Corned beef brisket refers to the corning (brining) process the meat undergoes before being sold. Large salt crystals, referred to as corns, made up a part of the brine. After a week-long salt bath, the beef brisket gets packaged with additional spices for sale in stores. Its Irish association comes because Ireland was the biggest exporter of corned beef until 1825. The popularity of corned beef grew in the United States in the mid-1800s with Irish immigrants. You will find two types of corned beef brisket: flat and point cuts. Point cuts take longer to cook and have more fat, but this larger brisket has more flavor than the leaner flat cut. While not authentically Irish, cabbage and potatoes often accompany corned beef, especially at St.
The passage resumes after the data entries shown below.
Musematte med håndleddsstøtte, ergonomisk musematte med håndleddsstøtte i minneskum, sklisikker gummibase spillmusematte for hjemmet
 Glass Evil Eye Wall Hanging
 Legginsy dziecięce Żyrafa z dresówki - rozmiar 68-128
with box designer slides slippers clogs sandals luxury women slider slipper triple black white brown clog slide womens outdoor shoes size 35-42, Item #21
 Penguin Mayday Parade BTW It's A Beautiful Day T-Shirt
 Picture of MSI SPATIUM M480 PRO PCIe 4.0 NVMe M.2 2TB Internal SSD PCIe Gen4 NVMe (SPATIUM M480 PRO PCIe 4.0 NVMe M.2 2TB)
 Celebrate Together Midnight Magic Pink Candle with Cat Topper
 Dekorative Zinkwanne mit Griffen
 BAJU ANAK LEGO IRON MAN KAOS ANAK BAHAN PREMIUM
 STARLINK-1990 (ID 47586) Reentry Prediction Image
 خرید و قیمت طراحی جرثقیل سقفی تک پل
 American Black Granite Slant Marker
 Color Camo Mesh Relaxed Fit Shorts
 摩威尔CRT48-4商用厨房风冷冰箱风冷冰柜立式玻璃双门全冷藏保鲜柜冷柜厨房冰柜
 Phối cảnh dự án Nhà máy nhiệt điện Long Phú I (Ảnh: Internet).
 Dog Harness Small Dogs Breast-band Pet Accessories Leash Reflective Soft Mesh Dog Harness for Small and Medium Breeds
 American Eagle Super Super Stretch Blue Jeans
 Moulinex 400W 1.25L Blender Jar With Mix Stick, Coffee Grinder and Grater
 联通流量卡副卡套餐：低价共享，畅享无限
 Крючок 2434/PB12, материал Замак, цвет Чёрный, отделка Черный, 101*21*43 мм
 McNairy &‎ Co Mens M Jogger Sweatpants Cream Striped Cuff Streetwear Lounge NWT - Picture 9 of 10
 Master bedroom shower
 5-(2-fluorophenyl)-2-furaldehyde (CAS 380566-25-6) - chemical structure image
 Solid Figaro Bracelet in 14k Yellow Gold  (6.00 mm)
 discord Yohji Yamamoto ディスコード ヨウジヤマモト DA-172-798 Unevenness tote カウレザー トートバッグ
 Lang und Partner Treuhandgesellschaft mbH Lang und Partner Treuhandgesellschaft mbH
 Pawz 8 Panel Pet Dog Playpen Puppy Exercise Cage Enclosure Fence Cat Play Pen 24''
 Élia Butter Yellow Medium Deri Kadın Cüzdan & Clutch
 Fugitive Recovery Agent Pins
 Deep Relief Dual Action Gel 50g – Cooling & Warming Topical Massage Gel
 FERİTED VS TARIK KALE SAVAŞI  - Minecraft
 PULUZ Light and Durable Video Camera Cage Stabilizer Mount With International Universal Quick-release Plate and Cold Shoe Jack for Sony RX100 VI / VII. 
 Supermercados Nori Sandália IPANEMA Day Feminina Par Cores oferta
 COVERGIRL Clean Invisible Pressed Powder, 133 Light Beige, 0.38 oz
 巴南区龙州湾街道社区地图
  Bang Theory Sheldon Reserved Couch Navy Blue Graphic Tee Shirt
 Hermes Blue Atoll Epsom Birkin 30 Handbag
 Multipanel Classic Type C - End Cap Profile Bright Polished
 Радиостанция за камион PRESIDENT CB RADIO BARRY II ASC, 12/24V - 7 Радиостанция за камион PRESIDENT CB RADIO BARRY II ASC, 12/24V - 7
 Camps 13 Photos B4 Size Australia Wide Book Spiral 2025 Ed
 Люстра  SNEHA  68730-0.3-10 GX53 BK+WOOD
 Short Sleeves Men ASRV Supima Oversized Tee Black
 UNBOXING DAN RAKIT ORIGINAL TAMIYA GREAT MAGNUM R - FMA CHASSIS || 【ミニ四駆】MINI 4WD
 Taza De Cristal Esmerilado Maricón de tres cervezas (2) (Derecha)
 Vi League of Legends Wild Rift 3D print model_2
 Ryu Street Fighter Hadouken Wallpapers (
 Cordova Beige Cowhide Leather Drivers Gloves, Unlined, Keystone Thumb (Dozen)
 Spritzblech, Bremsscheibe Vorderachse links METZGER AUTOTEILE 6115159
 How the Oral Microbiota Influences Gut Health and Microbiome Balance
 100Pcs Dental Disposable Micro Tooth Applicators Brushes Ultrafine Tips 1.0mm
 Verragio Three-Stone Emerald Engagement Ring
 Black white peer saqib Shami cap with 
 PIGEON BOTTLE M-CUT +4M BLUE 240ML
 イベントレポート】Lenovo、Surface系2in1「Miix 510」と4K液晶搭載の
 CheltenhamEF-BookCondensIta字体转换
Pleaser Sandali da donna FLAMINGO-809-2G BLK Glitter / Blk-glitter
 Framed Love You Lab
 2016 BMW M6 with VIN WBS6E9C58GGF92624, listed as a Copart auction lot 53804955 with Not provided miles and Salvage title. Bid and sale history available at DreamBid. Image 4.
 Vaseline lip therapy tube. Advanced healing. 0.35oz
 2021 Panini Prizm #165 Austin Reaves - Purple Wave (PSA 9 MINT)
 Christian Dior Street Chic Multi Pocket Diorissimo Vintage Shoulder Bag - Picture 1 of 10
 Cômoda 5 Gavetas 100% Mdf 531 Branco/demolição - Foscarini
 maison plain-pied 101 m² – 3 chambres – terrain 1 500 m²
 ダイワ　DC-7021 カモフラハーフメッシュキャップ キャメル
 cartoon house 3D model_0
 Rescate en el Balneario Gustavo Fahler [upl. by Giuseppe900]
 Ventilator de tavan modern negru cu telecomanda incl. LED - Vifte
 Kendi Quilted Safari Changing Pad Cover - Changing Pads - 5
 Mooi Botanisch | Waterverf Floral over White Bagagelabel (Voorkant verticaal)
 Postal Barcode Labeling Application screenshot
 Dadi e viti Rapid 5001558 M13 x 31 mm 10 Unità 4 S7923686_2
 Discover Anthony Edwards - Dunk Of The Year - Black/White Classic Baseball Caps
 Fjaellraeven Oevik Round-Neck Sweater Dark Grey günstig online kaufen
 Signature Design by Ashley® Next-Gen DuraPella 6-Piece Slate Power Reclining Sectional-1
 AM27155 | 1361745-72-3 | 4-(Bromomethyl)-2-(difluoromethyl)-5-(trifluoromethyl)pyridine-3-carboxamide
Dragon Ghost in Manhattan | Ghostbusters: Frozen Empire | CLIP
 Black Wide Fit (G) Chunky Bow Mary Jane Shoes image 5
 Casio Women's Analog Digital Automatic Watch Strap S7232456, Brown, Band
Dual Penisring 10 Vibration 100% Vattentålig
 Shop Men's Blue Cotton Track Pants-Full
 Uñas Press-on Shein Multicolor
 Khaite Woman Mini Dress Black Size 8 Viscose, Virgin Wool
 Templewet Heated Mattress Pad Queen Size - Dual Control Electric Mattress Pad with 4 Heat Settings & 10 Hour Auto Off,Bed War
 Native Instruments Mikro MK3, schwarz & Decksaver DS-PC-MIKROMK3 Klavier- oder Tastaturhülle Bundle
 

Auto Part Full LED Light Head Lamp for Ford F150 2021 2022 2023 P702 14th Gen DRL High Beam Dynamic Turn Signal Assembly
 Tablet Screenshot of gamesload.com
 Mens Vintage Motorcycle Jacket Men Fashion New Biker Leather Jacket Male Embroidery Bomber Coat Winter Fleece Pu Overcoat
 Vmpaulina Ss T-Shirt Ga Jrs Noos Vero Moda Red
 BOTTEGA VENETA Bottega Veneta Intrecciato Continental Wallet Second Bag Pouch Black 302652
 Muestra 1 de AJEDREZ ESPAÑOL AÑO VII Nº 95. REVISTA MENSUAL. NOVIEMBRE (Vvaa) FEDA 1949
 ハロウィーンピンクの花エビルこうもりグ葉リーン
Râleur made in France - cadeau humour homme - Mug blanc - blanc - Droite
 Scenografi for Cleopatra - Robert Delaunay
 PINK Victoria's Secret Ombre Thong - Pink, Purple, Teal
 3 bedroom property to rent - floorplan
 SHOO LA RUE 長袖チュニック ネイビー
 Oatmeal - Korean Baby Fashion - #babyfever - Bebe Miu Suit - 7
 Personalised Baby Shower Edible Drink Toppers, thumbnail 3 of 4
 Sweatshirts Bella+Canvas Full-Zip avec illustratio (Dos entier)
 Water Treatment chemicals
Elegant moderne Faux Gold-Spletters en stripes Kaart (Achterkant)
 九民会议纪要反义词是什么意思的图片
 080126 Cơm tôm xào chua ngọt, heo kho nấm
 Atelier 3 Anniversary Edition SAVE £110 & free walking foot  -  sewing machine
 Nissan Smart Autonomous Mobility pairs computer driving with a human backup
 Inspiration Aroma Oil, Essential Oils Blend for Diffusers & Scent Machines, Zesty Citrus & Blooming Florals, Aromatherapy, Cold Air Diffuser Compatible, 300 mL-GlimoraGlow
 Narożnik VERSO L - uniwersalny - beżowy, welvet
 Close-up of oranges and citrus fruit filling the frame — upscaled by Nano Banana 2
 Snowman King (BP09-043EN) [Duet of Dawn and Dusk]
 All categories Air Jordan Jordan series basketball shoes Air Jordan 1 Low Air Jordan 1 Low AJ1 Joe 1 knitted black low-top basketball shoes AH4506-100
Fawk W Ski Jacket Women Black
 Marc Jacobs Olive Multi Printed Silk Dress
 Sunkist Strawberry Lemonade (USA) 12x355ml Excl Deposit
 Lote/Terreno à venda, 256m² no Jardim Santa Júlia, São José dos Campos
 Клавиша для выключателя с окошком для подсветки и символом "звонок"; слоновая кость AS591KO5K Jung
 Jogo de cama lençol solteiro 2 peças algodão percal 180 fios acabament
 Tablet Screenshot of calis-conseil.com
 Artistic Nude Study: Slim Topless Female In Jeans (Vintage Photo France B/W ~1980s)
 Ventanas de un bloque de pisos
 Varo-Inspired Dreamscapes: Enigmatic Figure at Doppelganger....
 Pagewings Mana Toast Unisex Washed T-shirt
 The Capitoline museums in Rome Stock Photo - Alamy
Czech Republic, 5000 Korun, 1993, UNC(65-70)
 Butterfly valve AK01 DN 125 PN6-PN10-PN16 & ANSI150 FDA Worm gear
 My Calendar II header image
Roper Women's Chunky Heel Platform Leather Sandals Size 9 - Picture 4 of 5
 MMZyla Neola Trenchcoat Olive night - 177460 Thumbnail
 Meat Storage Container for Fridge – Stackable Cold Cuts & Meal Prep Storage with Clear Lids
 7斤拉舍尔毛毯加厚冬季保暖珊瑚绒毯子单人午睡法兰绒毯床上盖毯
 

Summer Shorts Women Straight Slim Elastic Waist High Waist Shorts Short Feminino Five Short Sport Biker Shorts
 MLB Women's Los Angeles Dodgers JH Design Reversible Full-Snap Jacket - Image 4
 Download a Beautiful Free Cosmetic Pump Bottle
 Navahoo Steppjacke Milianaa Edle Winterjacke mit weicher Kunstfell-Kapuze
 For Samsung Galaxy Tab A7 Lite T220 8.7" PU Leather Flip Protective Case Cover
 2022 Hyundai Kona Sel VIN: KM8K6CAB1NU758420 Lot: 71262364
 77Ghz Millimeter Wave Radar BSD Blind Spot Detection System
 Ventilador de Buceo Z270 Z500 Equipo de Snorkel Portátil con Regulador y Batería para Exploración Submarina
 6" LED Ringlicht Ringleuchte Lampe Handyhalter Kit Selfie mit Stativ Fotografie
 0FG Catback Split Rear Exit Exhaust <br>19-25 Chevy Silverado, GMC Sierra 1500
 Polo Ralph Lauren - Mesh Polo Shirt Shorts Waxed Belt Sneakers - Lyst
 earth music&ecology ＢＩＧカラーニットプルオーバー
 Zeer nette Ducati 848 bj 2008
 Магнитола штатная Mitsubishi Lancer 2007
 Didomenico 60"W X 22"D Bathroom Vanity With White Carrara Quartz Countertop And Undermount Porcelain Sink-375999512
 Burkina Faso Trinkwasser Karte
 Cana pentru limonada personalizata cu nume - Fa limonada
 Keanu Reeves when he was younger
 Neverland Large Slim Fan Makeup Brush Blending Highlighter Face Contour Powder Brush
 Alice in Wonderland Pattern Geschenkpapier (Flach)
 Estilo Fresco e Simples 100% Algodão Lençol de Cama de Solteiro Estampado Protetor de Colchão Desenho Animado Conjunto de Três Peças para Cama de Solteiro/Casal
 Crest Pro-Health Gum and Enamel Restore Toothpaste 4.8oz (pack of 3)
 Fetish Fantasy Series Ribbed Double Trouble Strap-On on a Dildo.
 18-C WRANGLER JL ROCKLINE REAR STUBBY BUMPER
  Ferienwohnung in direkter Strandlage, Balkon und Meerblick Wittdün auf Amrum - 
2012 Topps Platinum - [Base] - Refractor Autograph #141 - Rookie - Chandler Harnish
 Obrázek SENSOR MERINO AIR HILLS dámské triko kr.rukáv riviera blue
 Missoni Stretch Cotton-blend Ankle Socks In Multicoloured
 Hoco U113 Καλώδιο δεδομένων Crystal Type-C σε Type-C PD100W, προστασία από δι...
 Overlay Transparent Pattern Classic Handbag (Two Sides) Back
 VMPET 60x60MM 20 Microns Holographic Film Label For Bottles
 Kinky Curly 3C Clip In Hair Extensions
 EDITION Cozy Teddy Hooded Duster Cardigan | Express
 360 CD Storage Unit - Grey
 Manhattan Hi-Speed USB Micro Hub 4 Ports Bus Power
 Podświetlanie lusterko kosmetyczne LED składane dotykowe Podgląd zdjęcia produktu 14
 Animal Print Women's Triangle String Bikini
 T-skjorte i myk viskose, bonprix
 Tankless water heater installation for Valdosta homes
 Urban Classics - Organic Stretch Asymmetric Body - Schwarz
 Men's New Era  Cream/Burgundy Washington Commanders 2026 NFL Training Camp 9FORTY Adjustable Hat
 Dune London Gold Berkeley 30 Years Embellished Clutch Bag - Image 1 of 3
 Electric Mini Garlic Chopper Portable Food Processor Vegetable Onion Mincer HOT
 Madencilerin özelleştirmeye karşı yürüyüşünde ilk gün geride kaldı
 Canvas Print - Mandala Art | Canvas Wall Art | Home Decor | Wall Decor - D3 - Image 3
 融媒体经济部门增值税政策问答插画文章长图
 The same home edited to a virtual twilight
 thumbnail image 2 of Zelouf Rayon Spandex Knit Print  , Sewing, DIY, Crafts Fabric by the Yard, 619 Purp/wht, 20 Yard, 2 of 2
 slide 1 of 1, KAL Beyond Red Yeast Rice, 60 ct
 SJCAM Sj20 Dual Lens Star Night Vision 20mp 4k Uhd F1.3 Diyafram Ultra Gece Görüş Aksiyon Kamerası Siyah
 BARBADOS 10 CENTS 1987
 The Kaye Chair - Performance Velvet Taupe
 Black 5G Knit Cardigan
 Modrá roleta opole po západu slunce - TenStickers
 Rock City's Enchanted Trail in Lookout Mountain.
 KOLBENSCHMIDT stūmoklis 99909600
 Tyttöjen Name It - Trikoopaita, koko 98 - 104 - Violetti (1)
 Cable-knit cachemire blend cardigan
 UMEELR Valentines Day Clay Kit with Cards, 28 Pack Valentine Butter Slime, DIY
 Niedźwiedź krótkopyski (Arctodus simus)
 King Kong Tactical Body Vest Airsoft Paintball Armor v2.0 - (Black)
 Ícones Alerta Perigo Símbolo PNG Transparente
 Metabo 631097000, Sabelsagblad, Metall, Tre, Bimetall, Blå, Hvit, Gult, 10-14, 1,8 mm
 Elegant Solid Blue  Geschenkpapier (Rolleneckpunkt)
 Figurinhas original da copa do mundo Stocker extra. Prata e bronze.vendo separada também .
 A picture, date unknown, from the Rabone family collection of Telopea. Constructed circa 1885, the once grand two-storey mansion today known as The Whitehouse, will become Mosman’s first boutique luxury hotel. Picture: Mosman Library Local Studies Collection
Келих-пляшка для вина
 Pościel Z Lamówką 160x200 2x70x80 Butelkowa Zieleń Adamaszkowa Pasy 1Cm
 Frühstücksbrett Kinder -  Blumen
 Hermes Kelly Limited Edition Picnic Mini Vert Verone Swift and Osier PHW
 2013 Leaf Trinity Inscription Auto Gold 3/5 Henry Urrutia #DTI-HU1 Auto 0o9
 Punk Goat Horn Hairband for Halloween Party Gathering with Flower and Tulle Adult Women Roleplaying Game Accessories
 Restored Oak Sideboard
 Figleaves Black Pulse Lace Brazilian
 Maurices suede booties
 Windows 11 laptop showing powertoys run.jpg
Patrick's Day, but you do not have to wait for the holiday to have this hearty meal.
Things You'll Need
Packaged point cut of corned beef brisket
Deep pot with lid
Remove the corned beef brisket from the package and place it into the pot.
Fill the pot with water, enough to cover the beef.
Bring the mixture to a boil over medium high heat.
Lower the temperature to medium low to simmer the beef brisket for 4 to 5 hours or until tender.
Pull the brisket from the water and let it rest for 30 minutes before cutting across the grain into slices.
Should you not be able to find corned beef brisket, use a point cut beef brisket and marinate it in a salt brine with spices for 10 days before cooking.